Kann das an meinen USE Flag Einstellungen liegen?Last edited by flammenflitzer on Wed Mar 28, 2012 6:10 am; edited 1 time in total

----------

## franzf

Scheint als würde gegen die installierte libcalligrastageprivate.so gelinkt, also nicht gegen die, die gerade gebaut wurde, bzw. die, die nicht gebaut wurde, du hast ja "-stage" angegegeben...

Hilft es, wenn du calligra-2.3.82 deinstallierst?

----------

## flammenflitzer

CALLIGRA_FEATURES="words sheets stage" emerge  calligra funktioniert. Danke.
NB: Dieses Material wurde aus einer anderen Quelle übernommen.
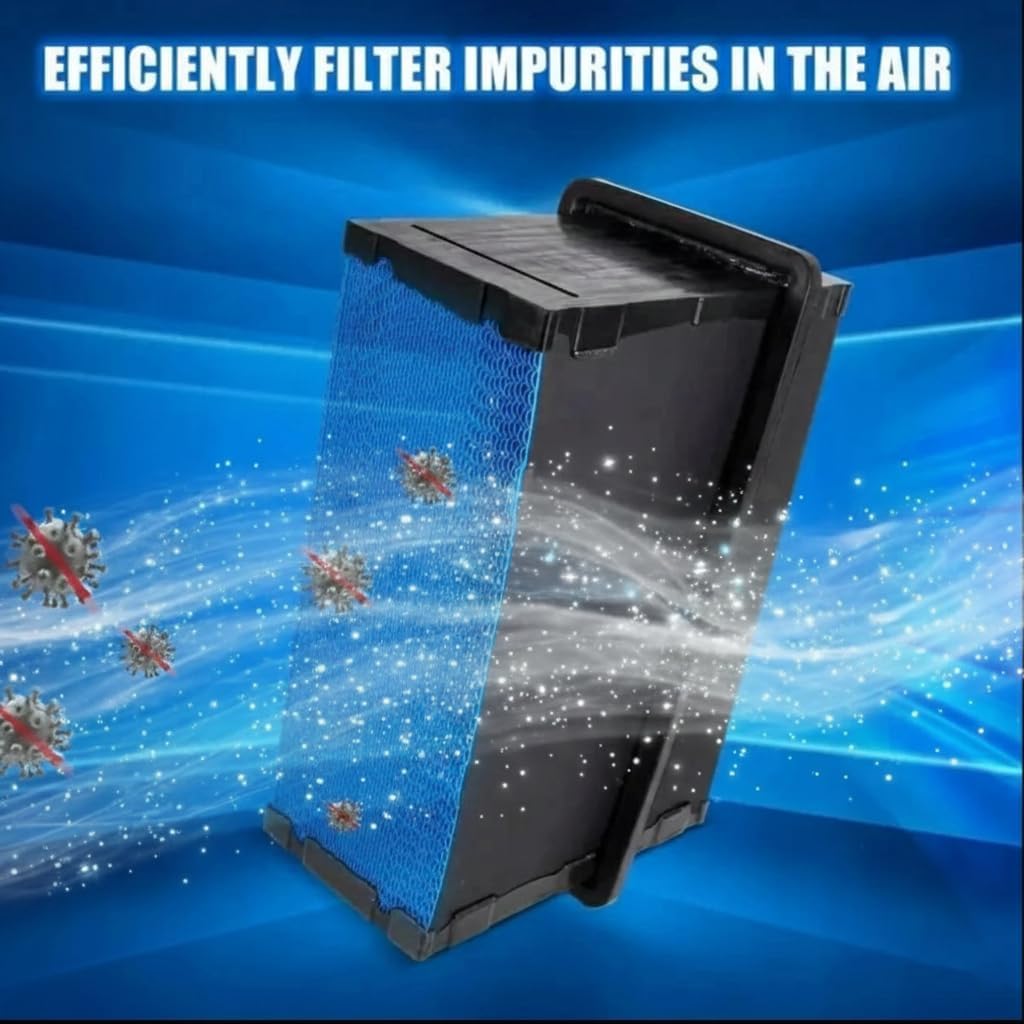 P621725 Air Filter Compatible with Kenworth T680 T880, Peterbilt 567 579 Models Replaces LAF6725 P637453 PA32000 WA11058 501058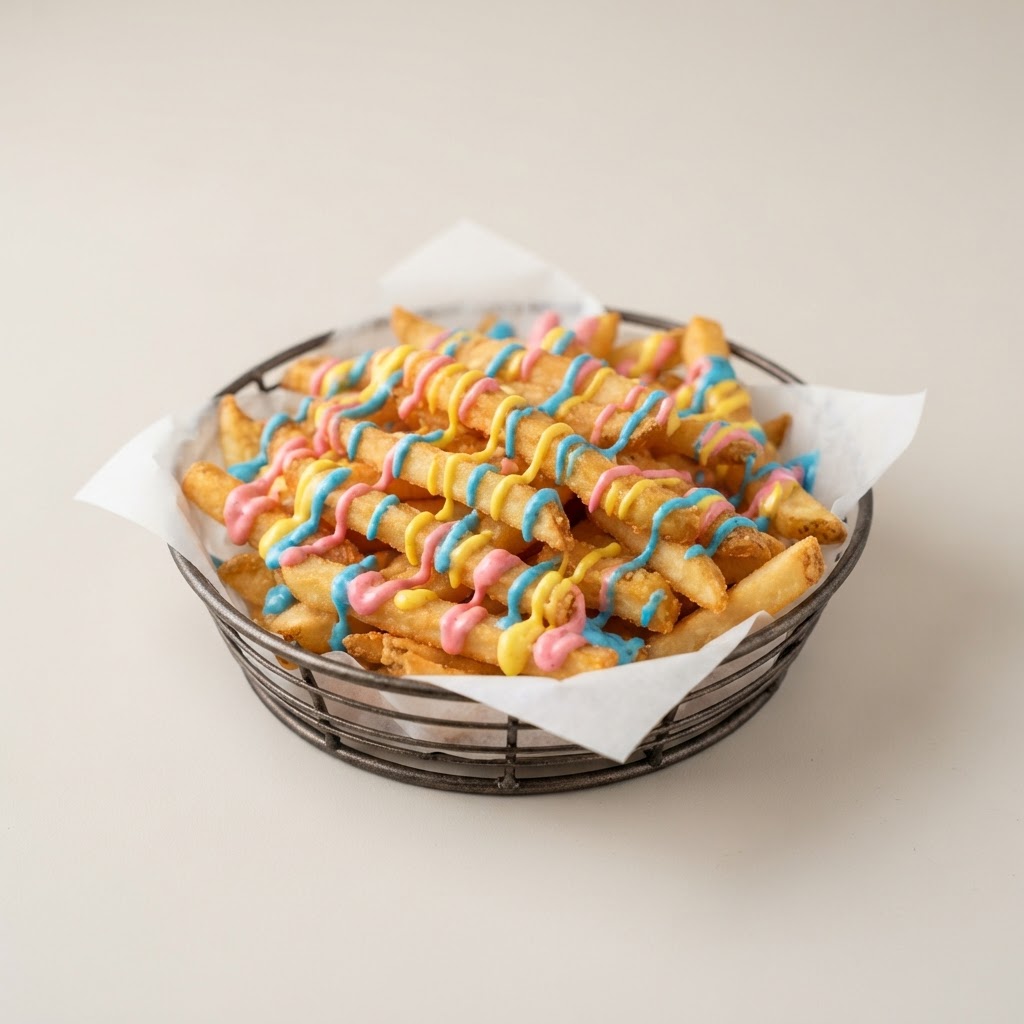 Rainbow Ranch Fries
Leider schmiert das Programm beim Einstellen der Rechtschreibkontrolle immer ab.

----------

## franzf

 *flammenflitzer wrote:*   

> CALLIGRA_FEATURES="words sheets stage" emerge  calligra funktioniert. Danke.
> 
> Leider schmiert das Programm beim Einstellen der Rechtschreibkontrolle immer ab.

 

"Das Programm"? Welches?

Im gdb starten und dann einen Backtrace posten (falls dir DrKonqi den nicht eh schon liefert).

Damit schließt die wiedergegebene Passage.